In this formulation, are the relation R or the operation + considered extensionally or intensionally?
Officially, a relation or an operation are sets by themselves, sets of ordered pairs ( and even, sets of ordered pairs having an ordered pair as first element in the case of binary operations).
So the definition of a group as (G, +) would mean a group is an ordered pair of two sets.
Another problem : (1) an ordered pair is not a set, since in a set there is no order. (2) if an ordered set is the ordered pair (S, R), then an ordered set is not a set.
Last question: is there any formal manipulation that can be done with a symbol such as (S,R) or (G,+) ? I mean, are there cases in which these symbols can be used in a formal reasoning?

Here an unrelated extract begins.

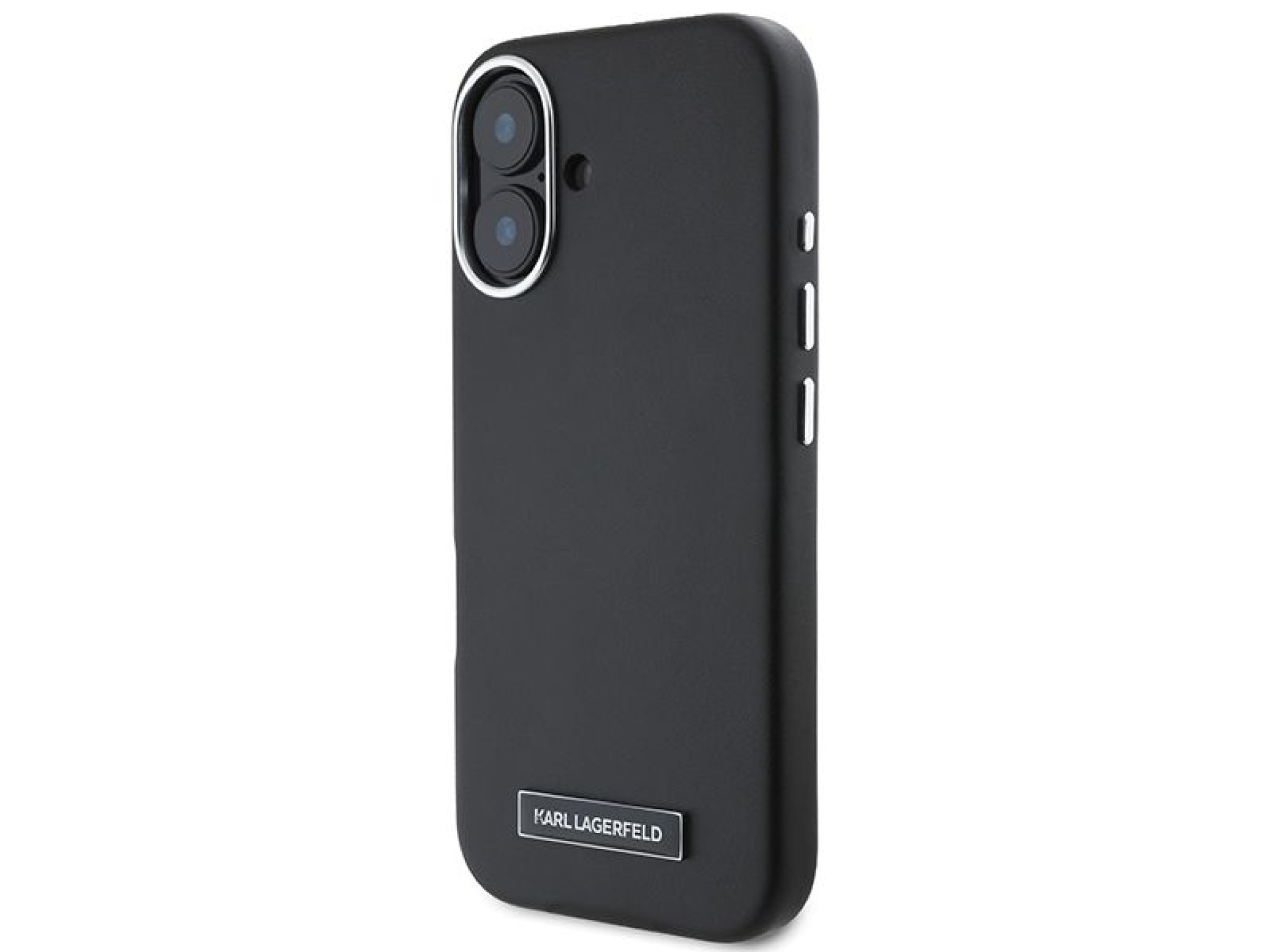 Capa MagSafe Karl Lagerfeld FW com placa de metal para iPhone 16 Plus - Preta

One case I can imagine is one in which we'd want to show that two groups are identical. We could maybe prove that (G, +) = (G', +') by showing that the two ordered pairs have the same first element and the same second element.
Best Answer
Although we often consider ordered pairing as "primitive," so that an ordered pair of sets is of different type than a single set, this isn't how things are actually implemented at the level of ZFC. There, we implement ordered pairs of sets as sets themselves. There are many ways to do this, with in my experience the most common being $$\langle a,b\rangle=\{\{a\}, \{a,b\}\}.$$ It's easy to see under this definition that $\langle\cdot,\cdot\rangle$ satisfies the key principle of ordered pair notions, namely that $$\langle a,b\rangle=\langle c,d\rangle\iff a=b\wedge c=d.$$ So this gives us a way to implement all the ordered pair language without going beyond sets.
Meanwhile, I'm not sure what your last question means, but I suspect the picture above will help clarify things.
EDIT: Addressing your edited last question, I think the answer is no. Set theory gives us a way of implementing mathematical objects which is very useful at the theory level but very useless at the practical level. In particular, we almost never care whether two groups are identical, only isomorphic; and the situations where we do care take place when both groups are already explicitly embedded in a larger domain which again we only care about up to isomorphism. For example, for a group $A$ the question "Is the group of inner automorphisms of $A$ the same as the group of outer automorphisms of $A$?" is potentially interesting and is about group equality rather than isomorphism, but it's really a question about what's going on inside the full automorphism group; and we don't care how exactly that's implemented in set theory.
It is almost never useful to work with specific set-theoretic implementations of structures. That doesn't mean set-theoretic implementation is pointless, just that it's relevant in a different way: it's a useful tool in proving global results (e.g. "every group ...") by telling us that we can apply coarse theorems about sets to ("small") mathematical structures in general.